The art collection in the Gleimhaus

Temple of Friendship

If you want to 'look the 18th century in the face', then take a look at Gleim's "Temple of Friendship". Around 120 portraits of poets, statesmen and scholars cover the walls, including Lessing, Herder, Klopstock, Winckelmann and Anna Louisa Karsch.

After moving from Berlin to Halberstadt in 1747, Gleim began to have the friends he had left behind painted. The creation of the gallery was thus an expression of a new sense of friendship in the 18th century. In later times, the circle of those depicted expanded more and more beyond Gleim's personal friends to include deserving personalities of the time. In keeping with this new concept, Gleim noted on the back of many pictures what the merit was in each case.

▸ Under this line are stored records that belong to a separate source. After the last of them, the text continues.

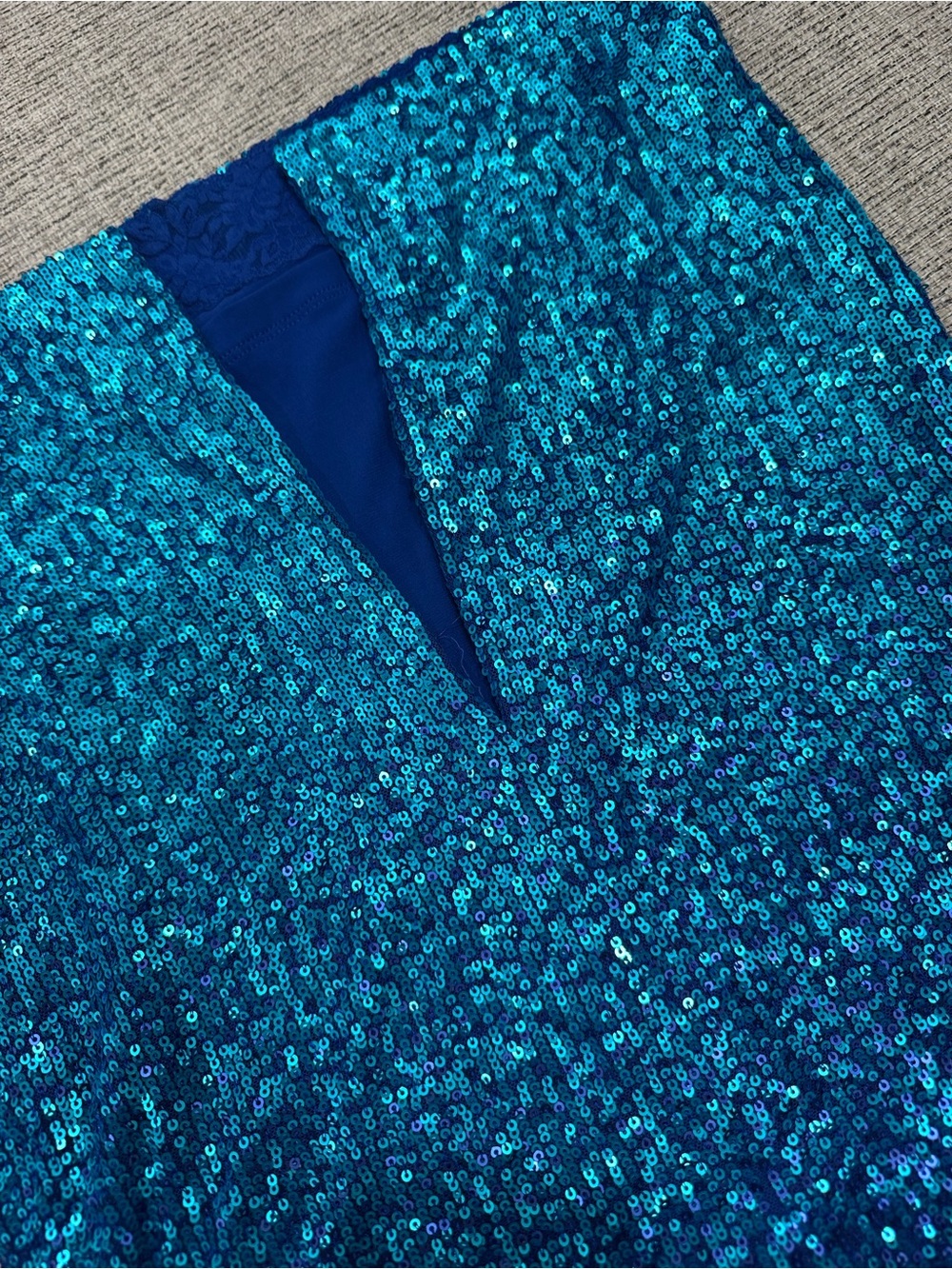 DRESS THE POPULATION Kayden Ombre Sequin Cocktail Dress - Picture 7 of 7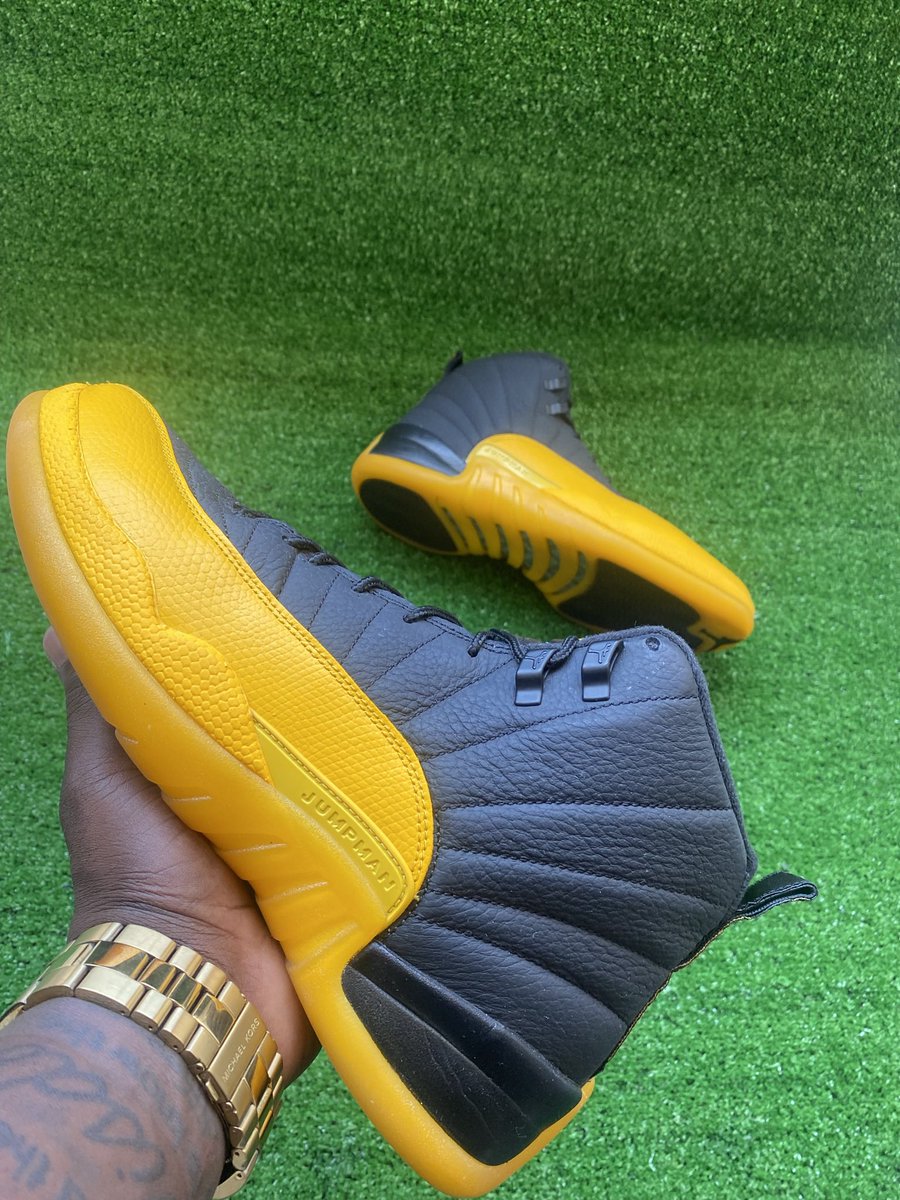 757tp2's tweet image. 🚨Twitter do y’all thing!!🚨
•
•
•
I’m new to Phoenix AZ, and I have recently decided to chase my dream and start my own sneaker reseller business. I stay with the latest Yeezy’s , Jordan’s, and Dunks in stock .👟🔥 I’m not trying to beat nobody over the head come get right🤝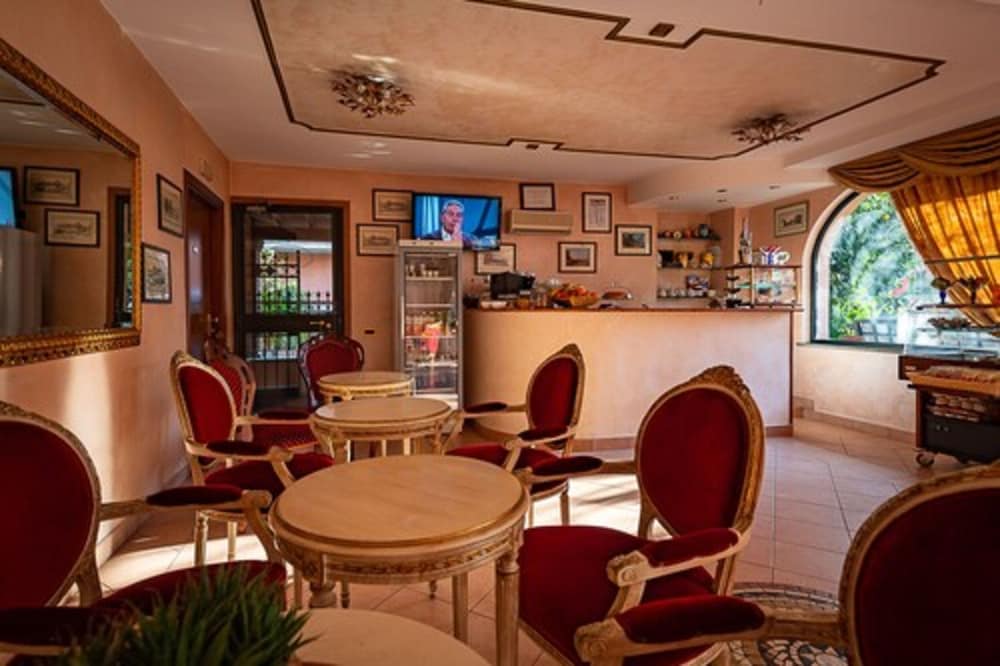 Hotel Louis II 52/66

The culture of portraiture was in full bloom in the 18th century. However, none of his contemporaries was as persistent as Gleim in collecting portraits of his friends. His so-called "Temple of Friendship" is the most extensive portrait gallery of great minds and beautiful souls of the Age of Enlightenment. It is also the only collection preserved in its historical location whose unifying element is friendship. The gallery presents a panorama of the literary world of the Enlightenment in Germany as well as the portrait art of the time. Important portraitists such as Anton Graff and some members of the Tischbein family of painters worked for Gleim.

The collection can be researched at museum-digital.

 

Portrait of Gleim, copperplate engraving by Johann Friedrich Kauke after Gottfried Hempel, 1759

Graphic art collection

With the exception of the portrait painting collection, the library and the manuscript archive, the majority of Gleim's estate was sold at several auctions, including his collection of prints. Since the opening of the Gleimhaus as a literary museum in 1862, a new collection of drawings and prints has been built up, into which a few sheets from Gleim's estate have found their way. Portraits of poets, artists and scholars were a focal point from the very beginning. At the end of the 19th century, the collection of portraits by the Halberstadt cathedral preacher Christian Friedrich Bernhard Augustin (1771-1856) also found its way into the museum, a collection of Halberstadt personalities, which also included individual sheets from Gleim's estate, as well as those from the estate of Augustin's father-in-law Gottlob Nathanael Fischer (1748-1800). Many of the sheets from the Augustin Collection are labelled with biographical information as well as autographs of the personalities depicted. They are still organised according to the traditional principle of class and profession.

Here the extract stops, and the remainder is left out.